Page MenuHomePhabricator

Investigate How Wikidata Edits Appear on Wikipedia Changelogs
Closed, ResolvedPublic

Description

As a researcher, I want to understand how links between Wikidata and Wikipedia are structured so that I can determine how changelogs are currently generated and displayed.

Acceptance Criteria:

  • A documented review of how Wikidata changes are reflected in Wikipedia changelogs
    • What do we see on the screen as an editor?
    • What happens in the background? Which extensions, functions and Databases are involved?
  • Identification of key data sources and how they contribute to the changelogs.
    • Ensuring that we also check the information that is not in use in the current UI but could be helpful in future implementations.
  • Ticket owner(s) hold a knowledge-sharing session for other engineers to ensure everyone is informed and can ask questions about the documentation

Check-list

  • Identify key sources where changelogs originate (e.g. Wikidata change logs, Wikipedia edit history, API endpoints e.t.c.).
  • Analyze how different types of Wikidata edits (e.g. adding/removing statements, merging items) appear on Wikipedia.
  • Document how these changelogs are formatted and displayed in Wikipedia edit histories.
  • Summarize findings and highlight inconsistencies or unclear elements.
  • What is the 'related changes' page? (out of scope)
  • add task
  • add task
  • add task

Details

Other Assignee
WMDECyn

Event Timeline

Weekly progress update:

  • Local, beta, live frontend investigation
    • Wikidata changes are grouped with an arrow
    • There are differences in format for local vs. live - to research:
      • Which changes don’t come through at all
      • Which changes come through but without enough detail in summary
      • Example: for changing property of type item’s item, the ‘label’ is what we need and this works correctly in local but not production
  • Documenting examples in progress
  • Backend investigating
  • Languages investigating

Ahh I did not refresh the page thus did not see Suzie already has written almost the same summary :')
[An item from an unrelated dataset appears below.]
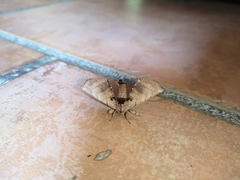 Apatelodes torrefacta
There are slight differences so I keep mine as well.

A very brief update about investigation so far:

We followed a similar scenario each time to observe current behaviour.

  1. Login
  2. Turn on the setting to display Wikidata changes
  3. We make sure a Wikidata item is related (sitelink, parser funclion or Lua)
  4. Edit the item on Wikidata
  5. Check the watchlist in Wikipedia for Wikidata edit

Different ways to make a Wikidata edit appear on Wikipedia Watchlist is explored:

  • Lua
  • Parser function
  • Sitelinks

Different test environments are visited with the same scenario:

  • Local
  • Live
  • Beta

Some differences between local and live is visible.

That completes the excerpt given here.